A bombshell report by Just the News explains that “U.S. officials were acutely aware that Beijing was trying to obtain America’s premiere nuclear reactor technology, including through illicit hacking, months before Hunter Biden and his business partners sought to arrange a quiet sale of an iconic U.S. reactor company to a Chinese firm, according to court records and national security experts.”

Hunter Biden attempted to assist CEFC China Energy to acquire Westinghouse, one of America’s most famous electricity and appliance brands, as well as its state-the-art AP1000 nuclear reactor.

Hunter began his work with the Chinese company in early 2016 – while Joe Biden was the sitting Vice President – memos show.

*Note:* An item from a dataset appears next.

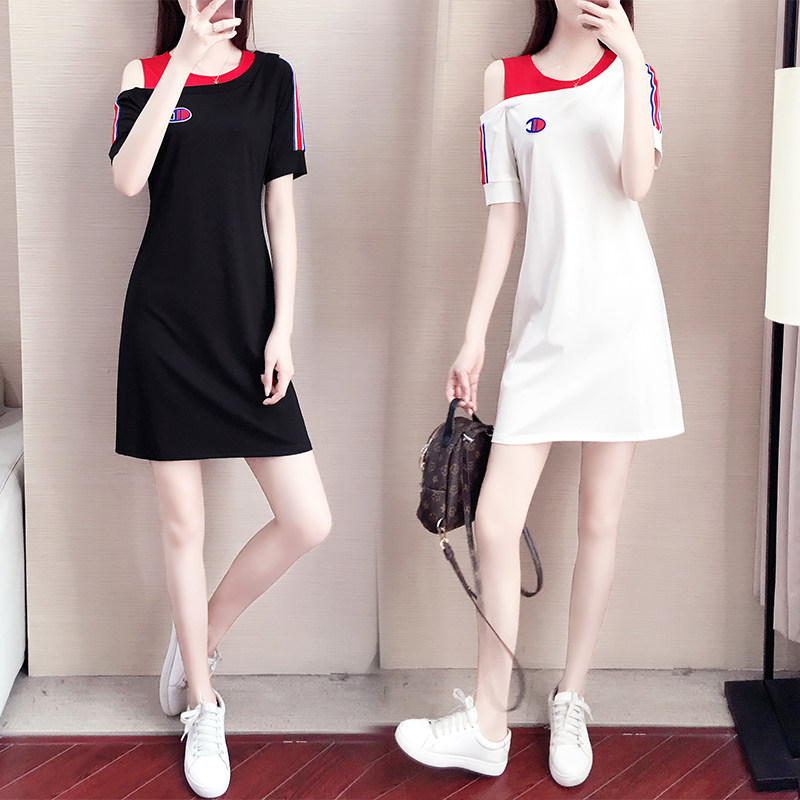 Tidal Truffle Shoulder Ocean Dress Woman 2022 Summer long version splicing short sleeve T-shirt Skirt Loose Casual Sport A-character dress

According to a copy of the indictment, just 20 months earlier, his father’s Justice Department charged five members of a Chinese military hacking unit for breaching the company’s computer systems in search of intellectual property and internal strategy communications.

Just the News reports:

In May 2014, the five operatives of the People’s Liberation Army’s Unit 61398 were charged with hacking into the systems of six U.S.-based companies across different industrial sectors, including Westinghouse Electric Co., SolarWorld, United States Steel Corp., and a union. The attorney general at the time, Eric Holder, called the breach a classic case of “economic espionage.”

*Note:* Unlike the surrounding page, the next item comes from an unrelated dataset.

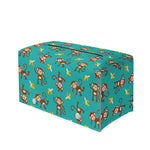 Banana And Monkey Pattern Print Leather Tissue Box Cover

One operative gained access to Westinghouse’s computers in 2010 and “stole proprietary and confidential technical and design specifications related to pipes, pipe supports, and pipe routing” pertaining to the company’s advanced AP1000 nuclear reactor design, according to an indictment filed by the Department of Justice.

“Among other things, such specifications would enable a competitor to build a plant similar to the AP1000 without incurring significant research and development costs associated with designing similar pipes, pipe supports, and pipe routing systems,” the indictment reads.

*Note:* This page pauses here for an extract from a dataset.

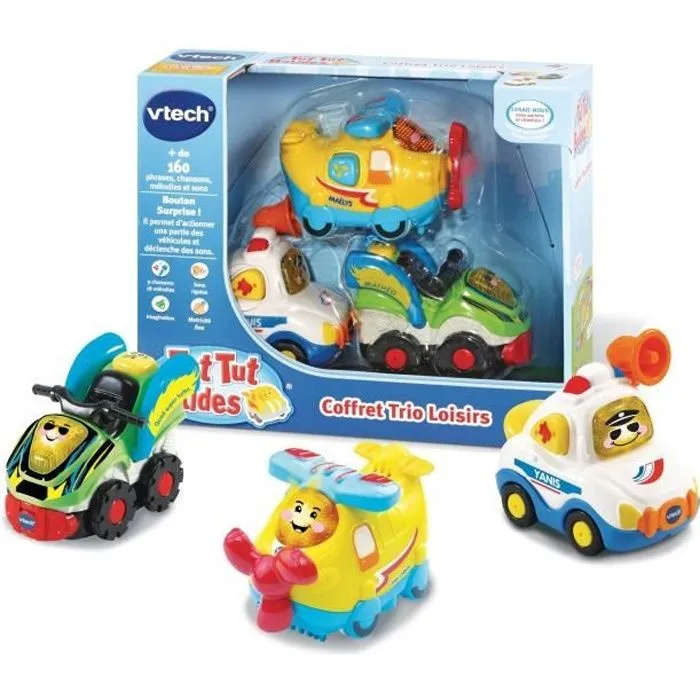 VTECH - Tut Tut Bolides - Coffret Trio Loisirs (Avion + Formule 1 + Bus) - Multicolore - Mixte - 12 mois+-0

Just the News notes that while there is no evidence at the moment that Hunter Biden was aware of or involved in the hacking efforts by the Chinese, documents previously released by Congress in the Biden impeachment inquiry show Hunter Biden wrote in one text message in 2017 that he believed one of the CEFC officials he worked with, Patrick Ho, was the “f—ing spy chief” of China.

Ho was later indicted in the U.S. and charged with corruption. Joe Biden’s brother James told the FBI he believed CEFC Chairman Ye Jianming had a relationship with China’s communist president.